[Given records]
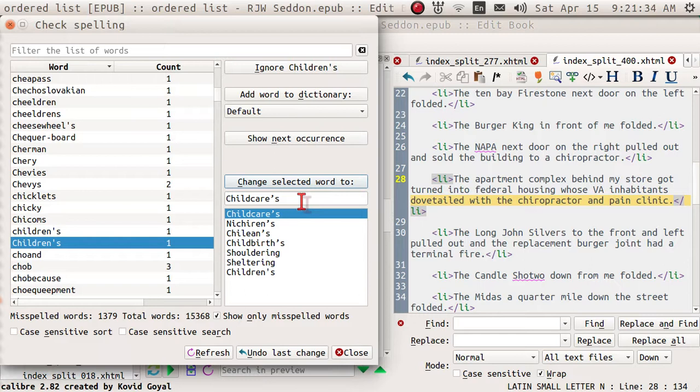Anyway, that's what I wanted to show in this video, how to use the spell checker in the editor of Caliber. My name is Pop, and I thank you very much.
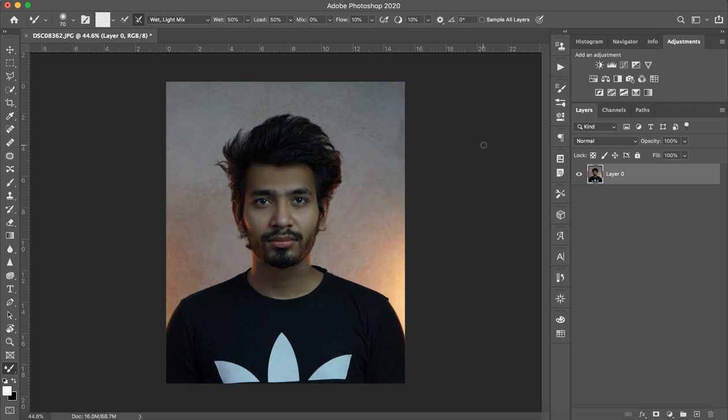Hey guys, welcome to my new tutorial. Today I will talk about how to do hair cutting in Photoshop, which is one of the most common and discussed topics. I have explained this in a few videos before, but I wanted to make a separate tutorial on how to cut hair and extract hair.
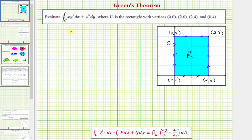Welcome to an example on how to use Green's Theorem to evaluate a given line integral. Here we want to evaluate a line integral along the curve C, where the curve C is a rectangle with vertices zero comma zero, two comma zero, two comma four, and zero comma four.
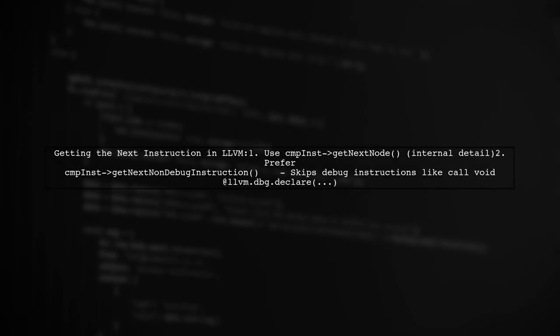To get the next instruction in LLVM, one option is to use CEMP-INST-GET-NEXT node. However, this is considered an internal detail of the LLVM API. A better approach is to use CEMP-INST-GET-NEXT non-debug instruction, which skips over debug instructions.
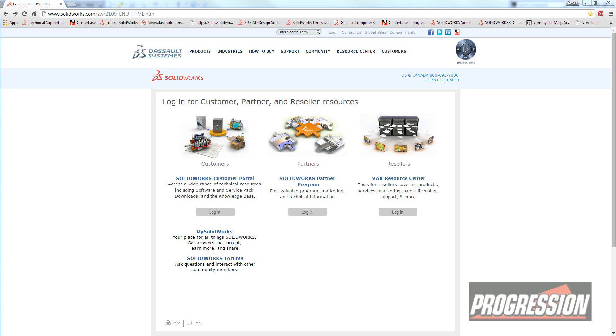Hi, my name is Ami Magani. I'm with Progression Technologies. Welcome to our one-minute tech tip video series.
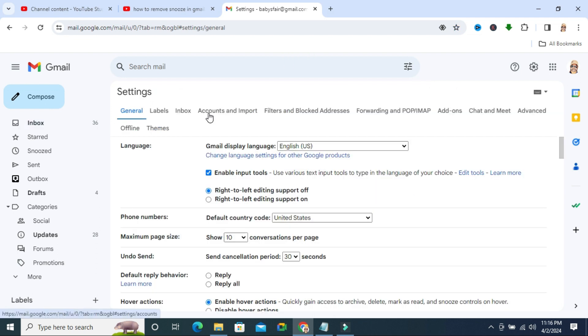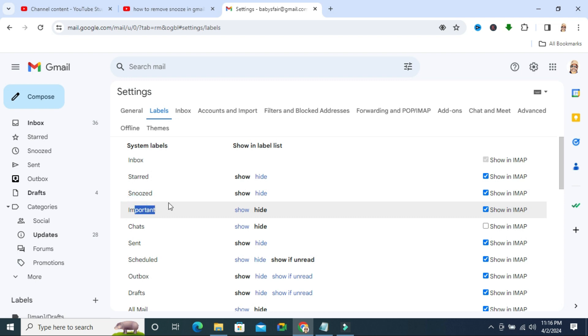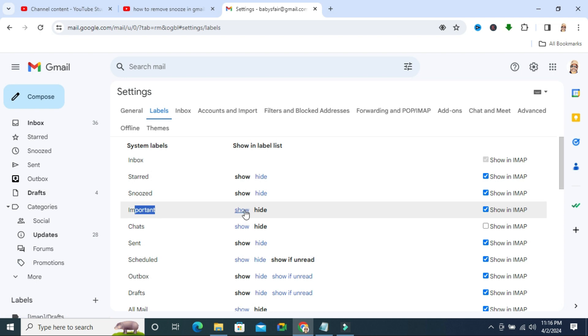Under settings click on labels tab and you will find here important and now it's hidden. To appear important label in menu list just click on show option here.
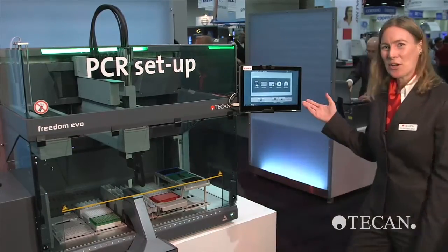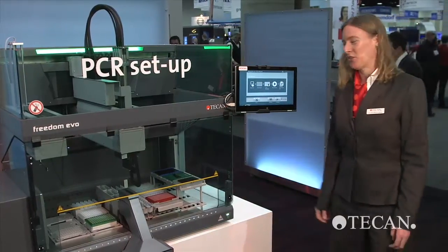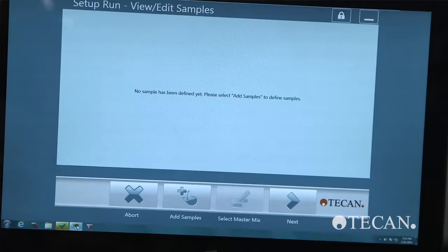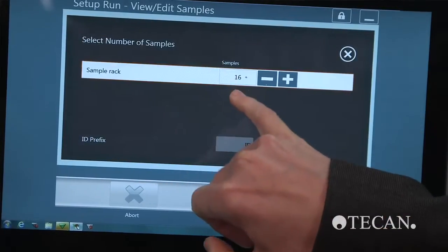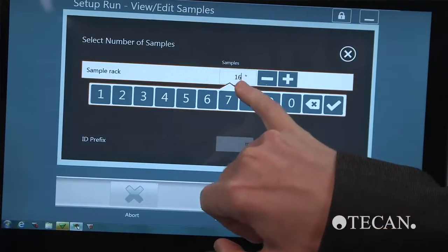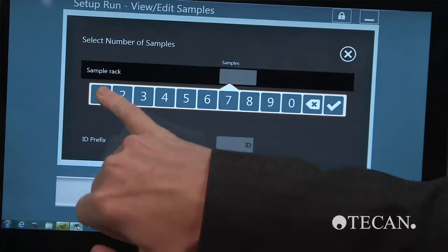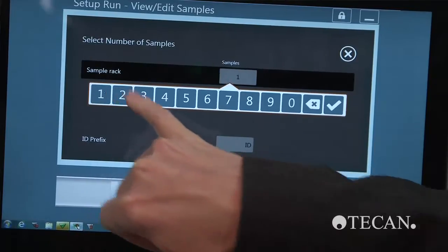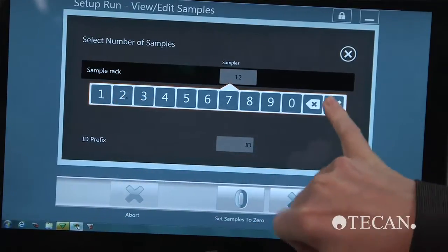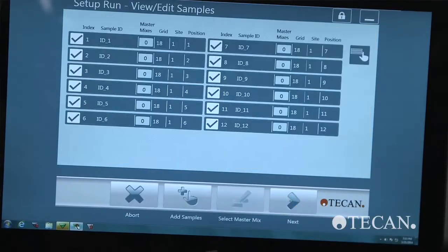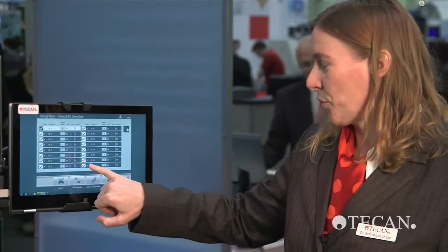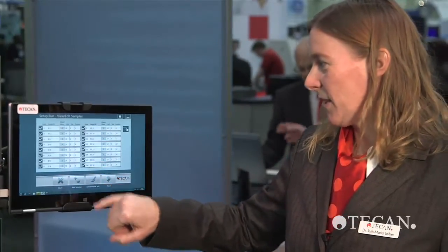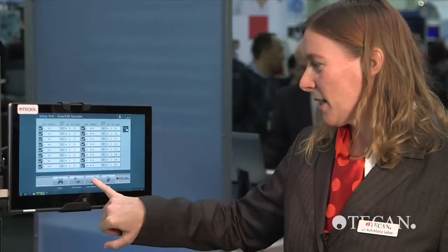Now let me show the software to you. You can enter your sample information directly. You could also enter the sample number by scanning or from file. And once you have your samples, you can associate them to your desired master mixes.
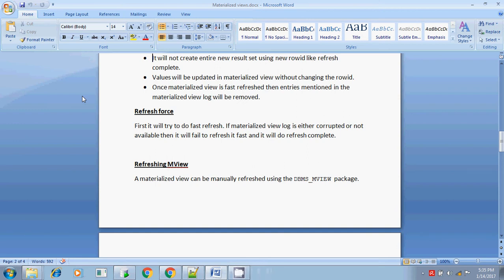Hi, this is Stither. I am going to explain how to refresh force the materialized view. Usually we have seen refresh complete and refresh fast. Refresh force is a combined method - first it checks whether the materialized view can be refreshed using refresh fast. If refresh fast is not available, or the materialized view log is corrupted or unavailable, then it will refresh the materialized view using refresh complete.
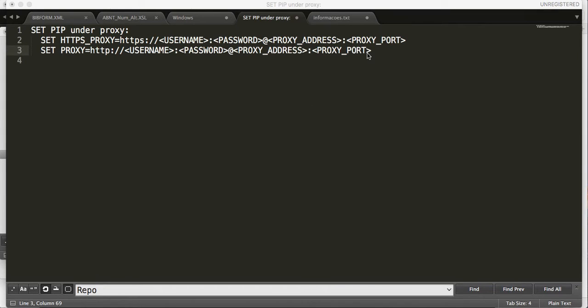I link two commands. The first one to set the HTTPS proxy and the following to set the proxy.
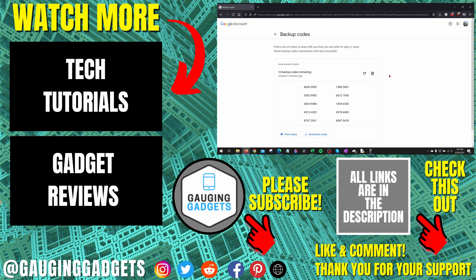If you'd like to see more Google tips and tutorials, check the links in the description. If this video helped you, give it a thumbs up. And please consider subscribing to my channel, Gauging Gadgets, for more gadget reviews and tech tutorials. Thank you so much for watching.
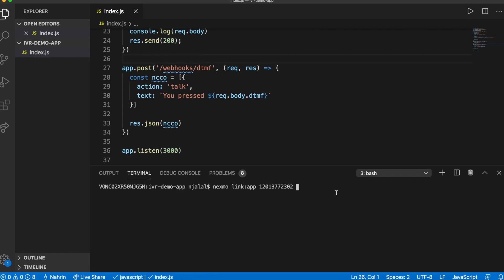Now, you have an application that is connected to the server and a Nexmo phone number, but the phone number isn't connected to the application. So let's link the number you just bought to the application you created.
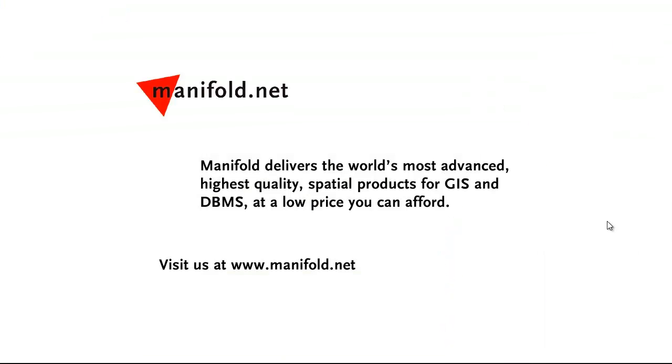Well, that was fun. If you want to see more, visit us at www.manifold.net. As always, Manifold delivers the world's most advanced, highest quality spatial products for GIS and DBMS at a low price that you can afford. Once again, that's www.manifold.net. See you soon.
---
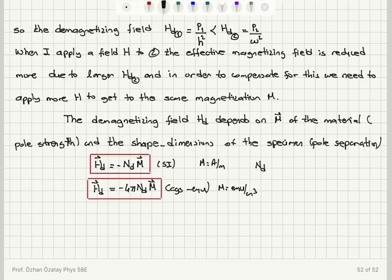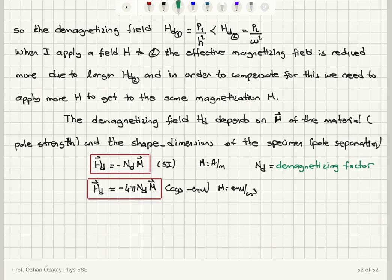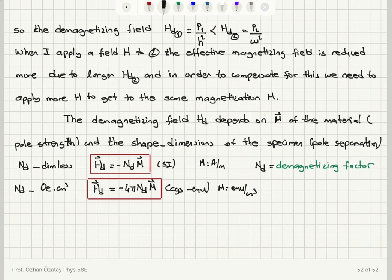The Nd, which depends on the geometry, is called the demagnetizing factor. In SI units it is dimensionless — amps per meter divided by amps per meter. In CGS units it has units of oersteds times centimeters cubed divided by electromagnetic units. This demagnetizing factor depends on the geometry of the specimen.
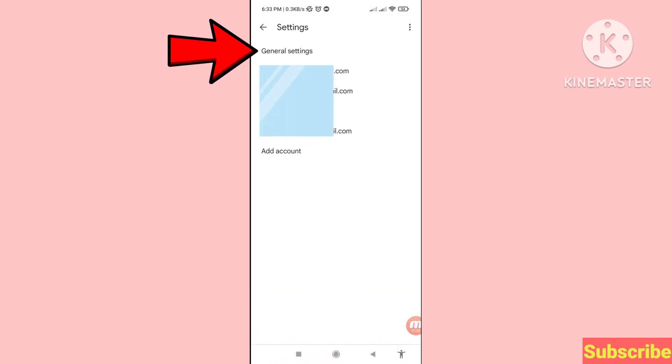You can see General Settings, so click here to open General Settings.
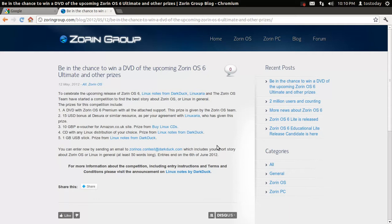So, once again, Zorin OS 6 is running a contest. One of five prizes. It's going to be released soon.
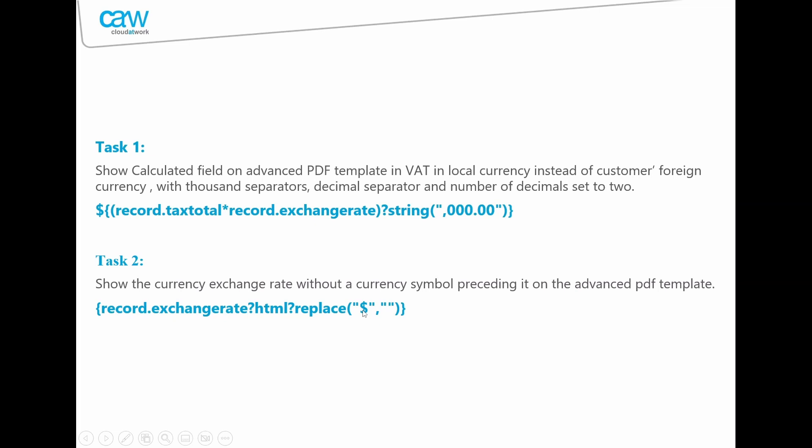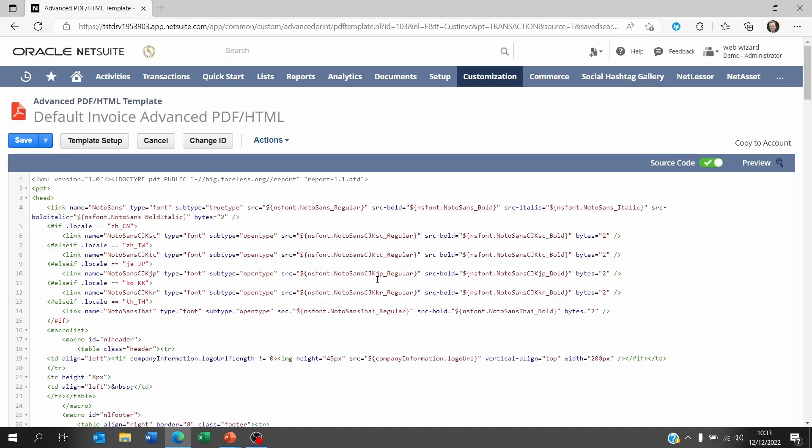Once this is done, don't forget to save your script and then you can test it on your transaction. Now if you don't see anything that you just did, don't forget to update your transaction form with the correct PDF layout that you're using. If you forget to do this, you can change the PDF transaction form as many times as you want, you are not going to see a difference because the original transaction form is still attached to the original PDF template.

[Exercise requirements] Look above for the line containing "The Nd, which", then write out every line from there down to the line containing "Once this is", that line included, with no pictures.

[Task output]
The Nd, which depends on the geometry, is called the demagnetizing factor. In SI units it is dimensionless — amps per meter divided by amps per meter. In CGS units it has units of oersteds times centimeters cubed divided by electromagnetic units. This demagnetizing factor depends on the geometry of the specimen.
You can see General Settings, so click here to open General Settings.
So, once again, Zorin OS 6 is running a contest. One of five prizes. It's going to be released soon.
Once this is done, don't forget to save your script and then you can test it on your transaction. Now if you don't see anything that you just did, don't forget to update your transaction form with the correct PDF layout that you're using. If you forget to do this, you can change the PDF transaction form as many times as you want, you are not going to see a difference because the original transaction form is still attached to the original PDF template.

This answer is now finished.